Mobile apps didn’t even exist in 2002

In 2002, phones were mostly phones, and they could have an address book, calendar, and to-do list.

The iPhone, iOS and then Android smashed through the doors upon arriving at the scene. Chariot jumped in early, with a team of developers who adopted, learned, and then eventually consulted with first iOS, then Android, to produce apps for our customers.

These platforms have evolved tremendously over the years, changing languages ​​(iOS from Objective-C to Swift, Android from Java to Kotlin), undergoing many changes in their design language, tools, SDKs and features. ), which has kept our mobile team on their toes for over a decade now.
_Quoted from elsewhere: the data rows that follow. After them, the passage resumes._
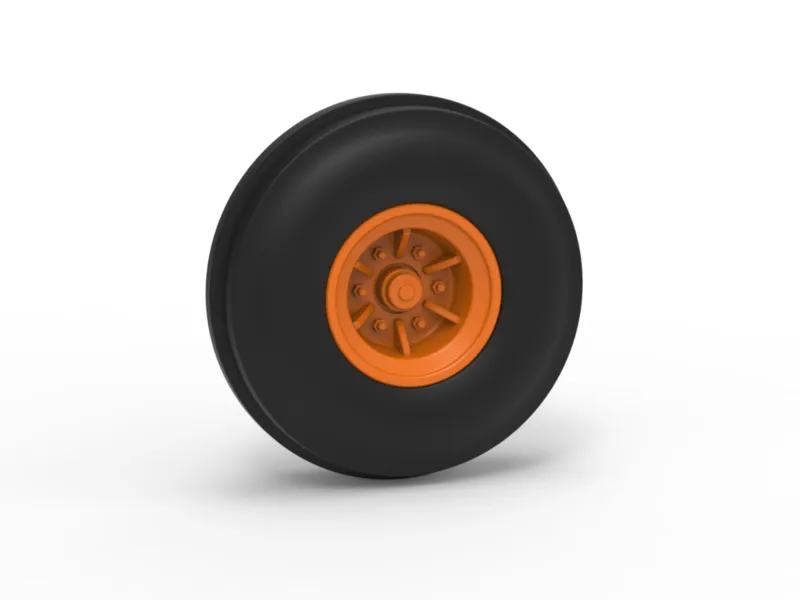 Rear wheel of Racing Combine Harvester Version 2 Scale 1:25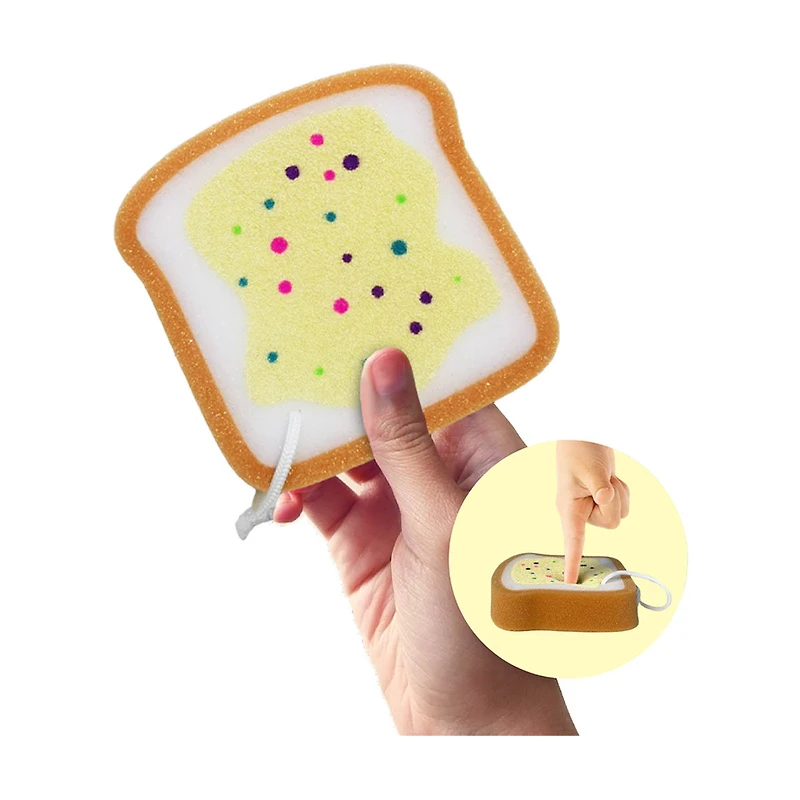 Spongeez Breakfast Themed Bath Sponge, Assorted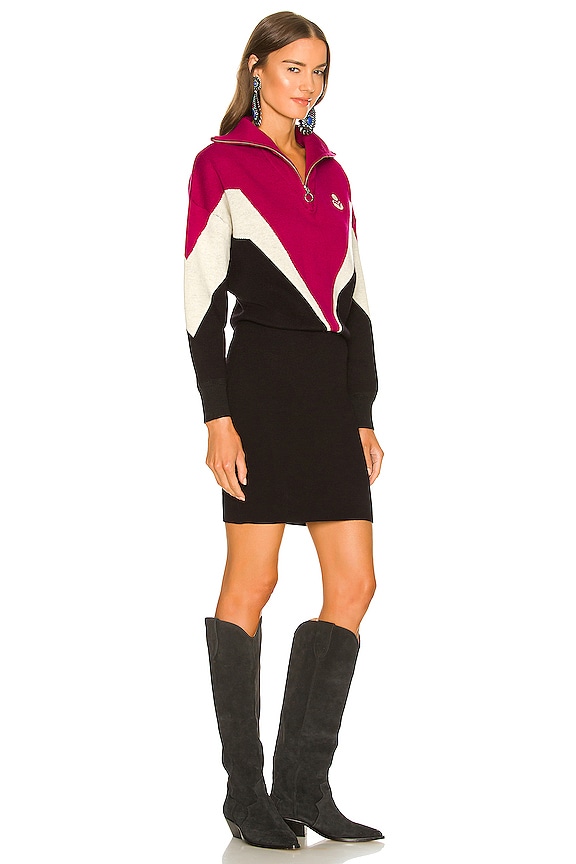 view 2 of 3 ROBE ALIZE in Raspberry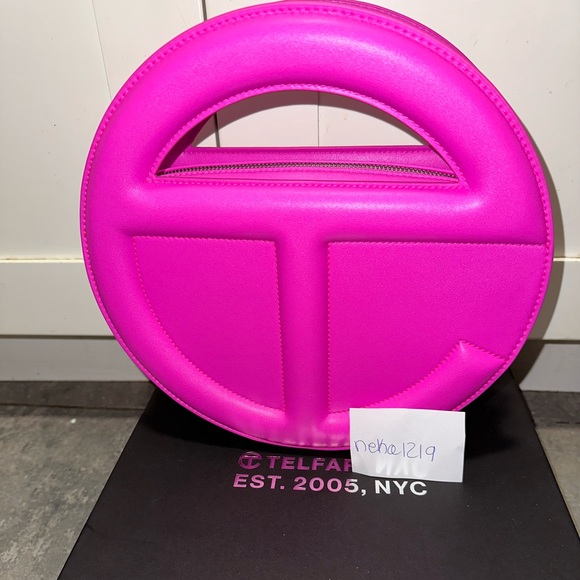 Telfar Round Circle Bag- Azalea - Picture 2 of 6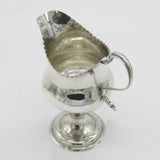 George III Sterling Silver Pedestal Cream Jug Antique 1785 London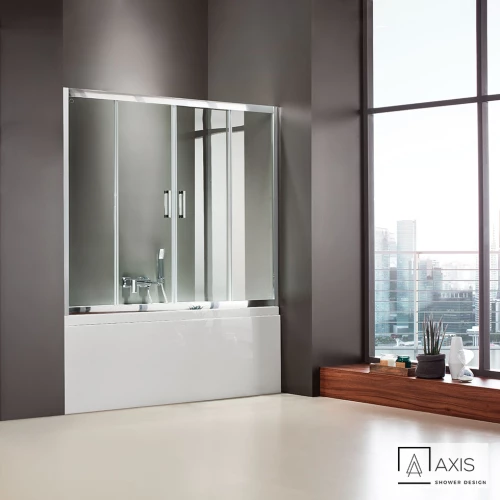 SLIDER BATH 160  (157-161εκ) AXIS CLEAR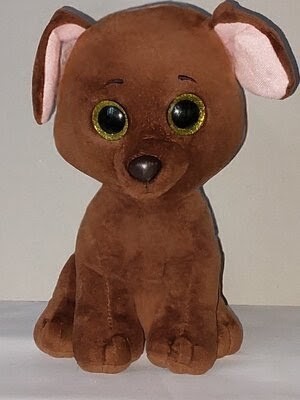 Create meme: The toy is a brown dog, plush dog toy, dog toy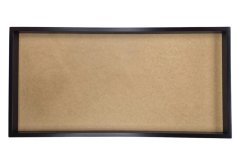 Bilderrahmen aus Moos - 80x40cm - Ebenholz (Schwarz) - Höhe 4 cm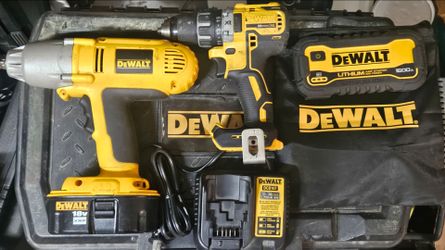 DeWalt Power Tool Lot with Charger and Battery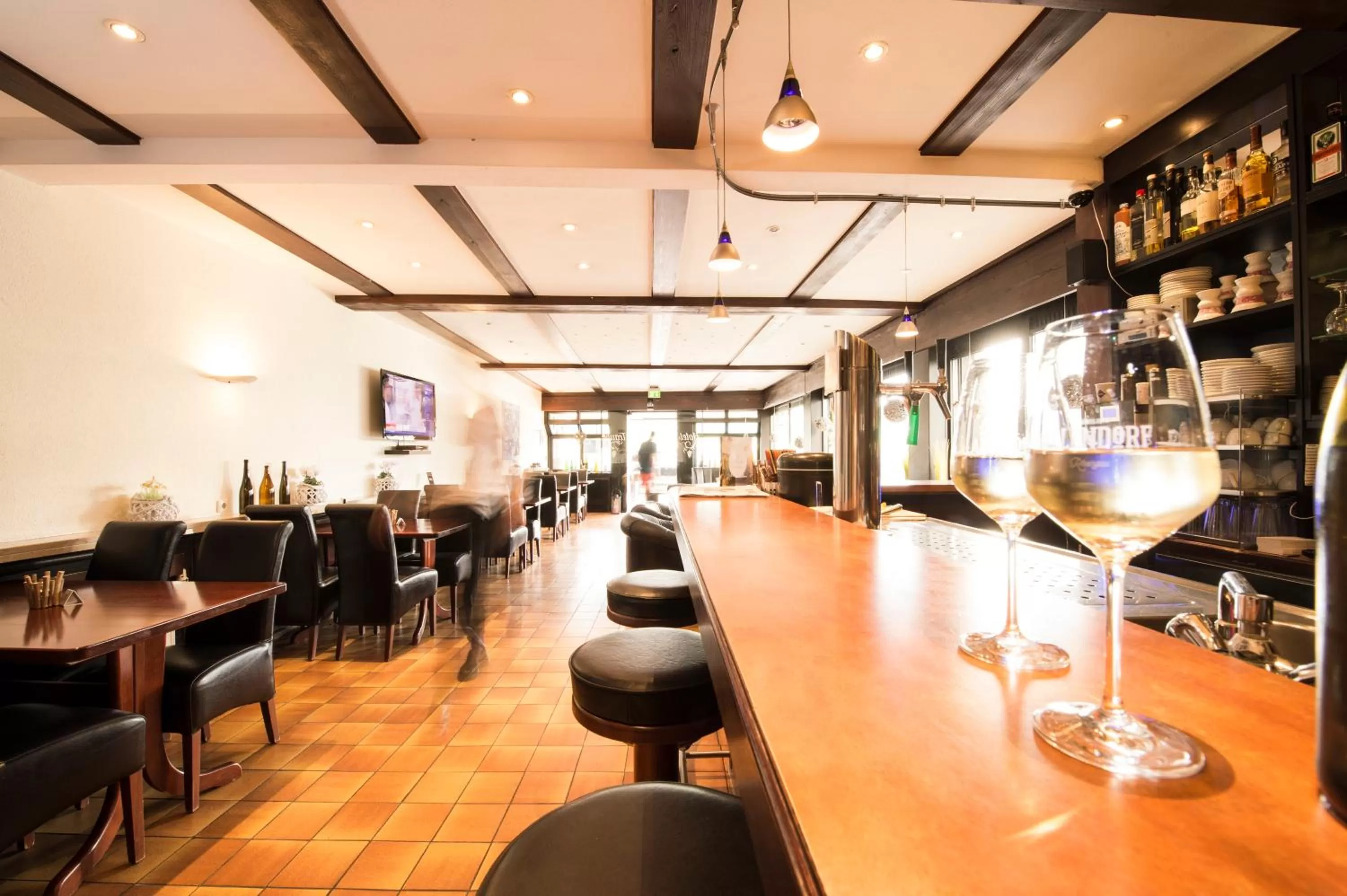 Lounge or bar in Hotel Traube Rüdesheim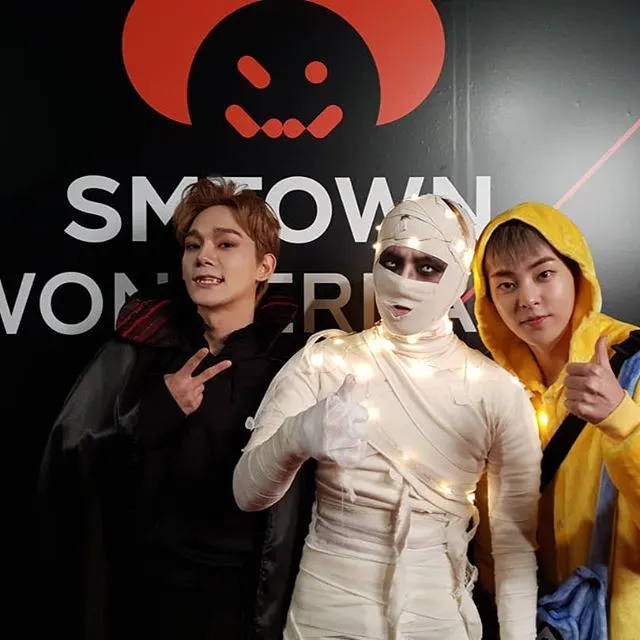 Chen, Baekhyun, dan Xiumin © SMTOWN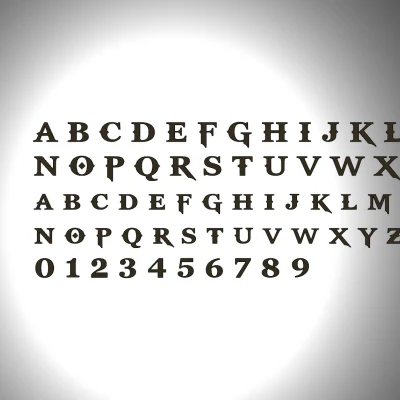 Font Chữ Thần Chiến Tranh (God Of War Font)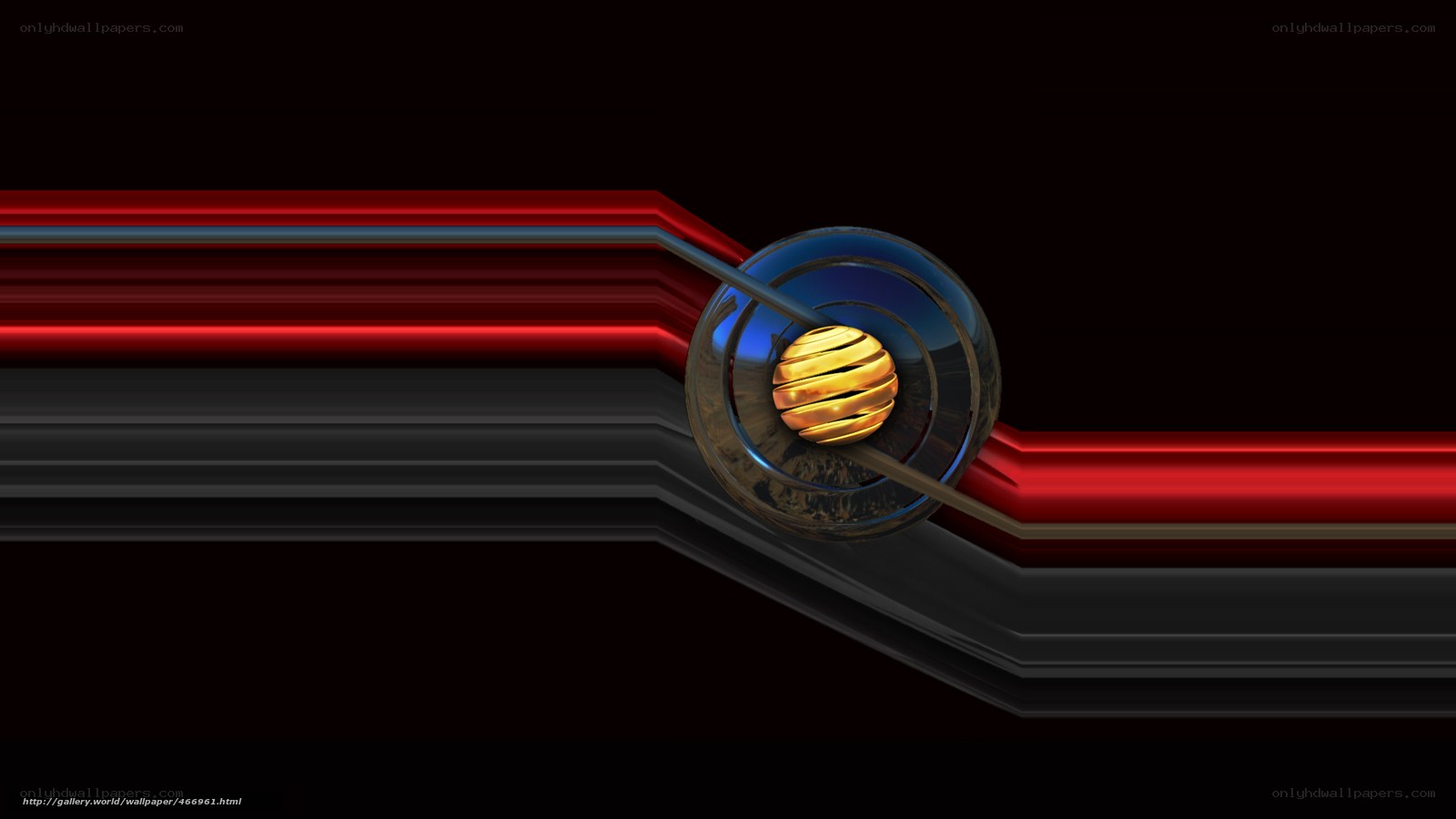 Abstract red and gold design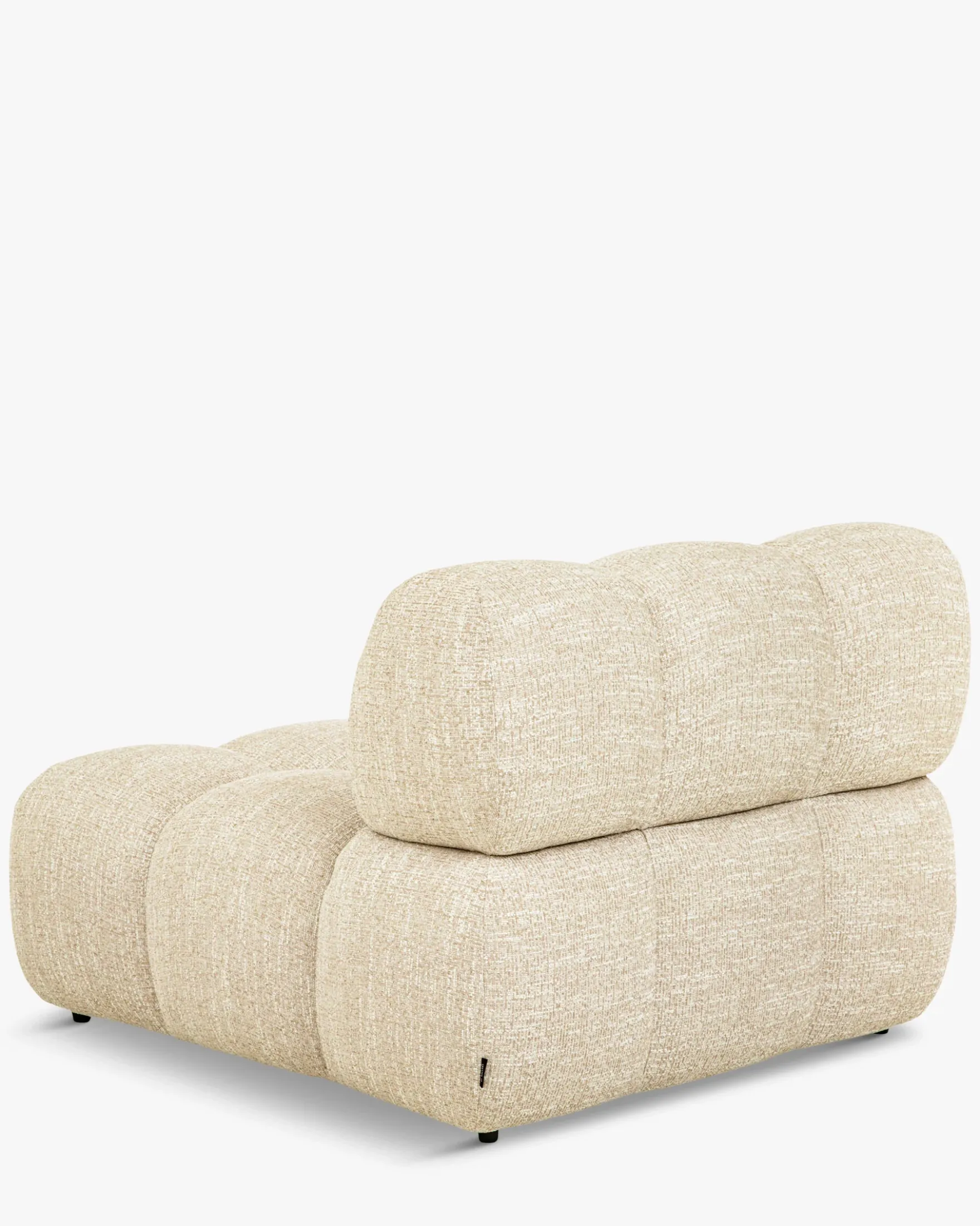 Fauteuil modulable, Tweed beige Waffle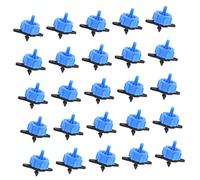 TOYANDONA 50 Pièces Goutteur Irrigation à Pression Compensée Lot pour Jardin Potager et Verdure H Eau Installation Facile et Pratique
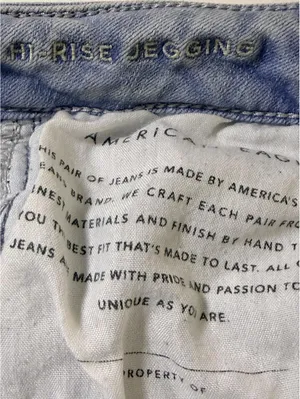 American Eagle Next Level Stretch Hi-Rise Jegging Jeans Women’s Light Wash thumbnail 4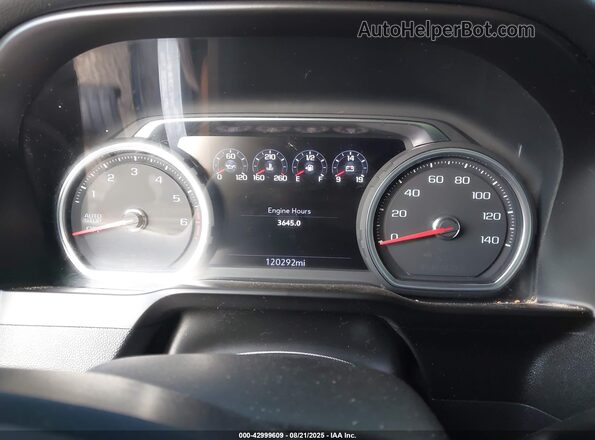3GCUYHEL4LG329635 2020 CHEVROLET SILVERADO Black Вид задніх сидінь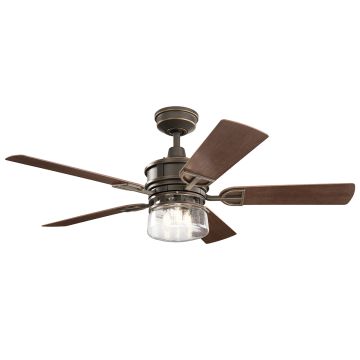 Ventilator Lyndon Patio KLF-LYNDON-52-OZ 3000K 3x60W/E27 IP23 de la Kichler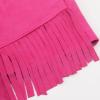 imageNoomelfish Kids Faux Suede Fringe Shorts Tassel Cowgirl Outfits with Pockets 512 YearsHot Pink
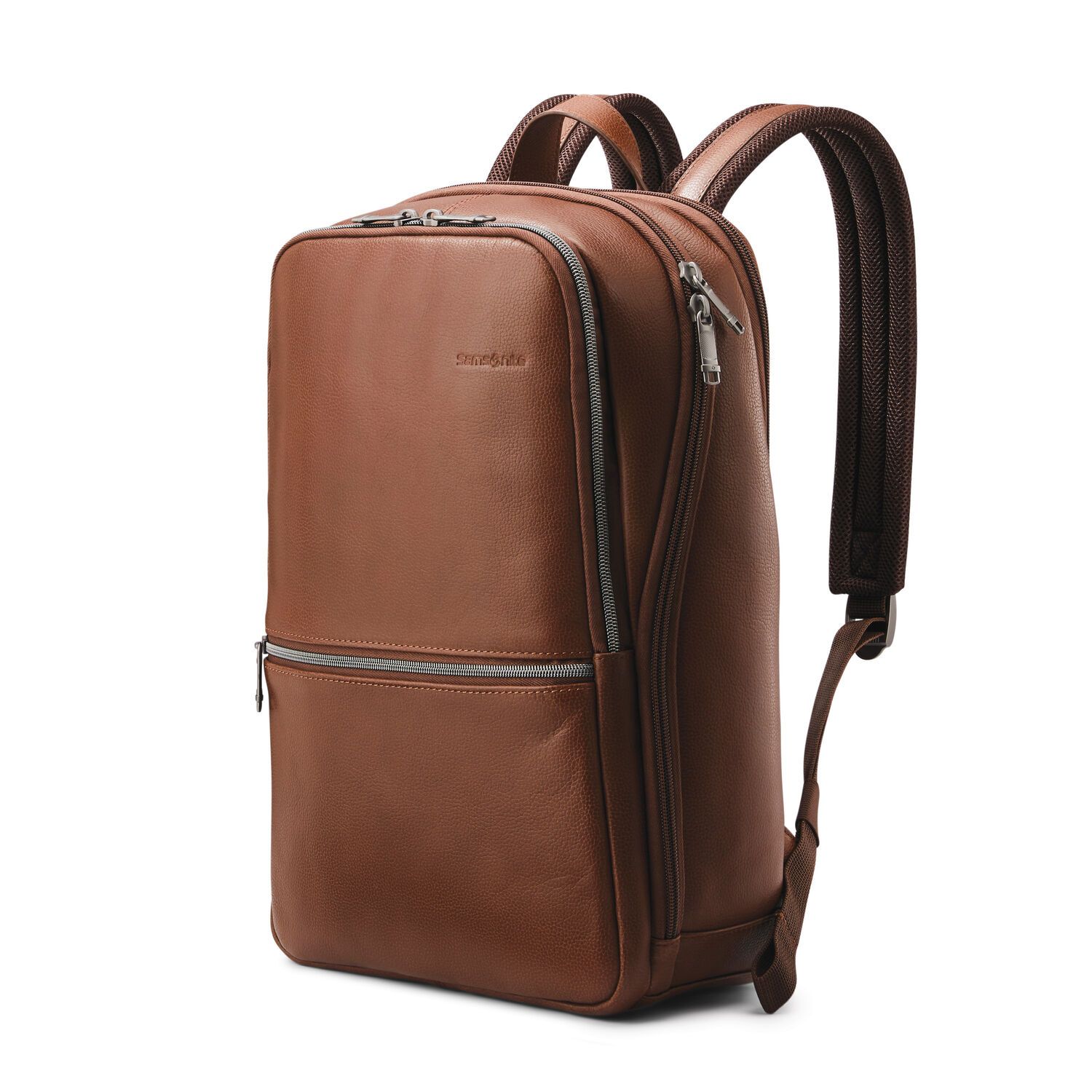 samsonite leather backpack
We monitor non-native mobile web application platforms such as React Native and Flutter, and have used tools such as PhoneGap and Ionic where lightweight and simple user interfaces are required to interact with specialized hardware.

The next 20 years…

This brief look back can help today’s developers and the companies they serve understand the landscape of software development in the past, present, and future. Whether you’re a developer or helping your developers make technical decisions, change happens at high speed. As Steve Jobs said in his Stanford commencement address, “You can’t connect the dots looking to the future; you can only connect them looking backwards.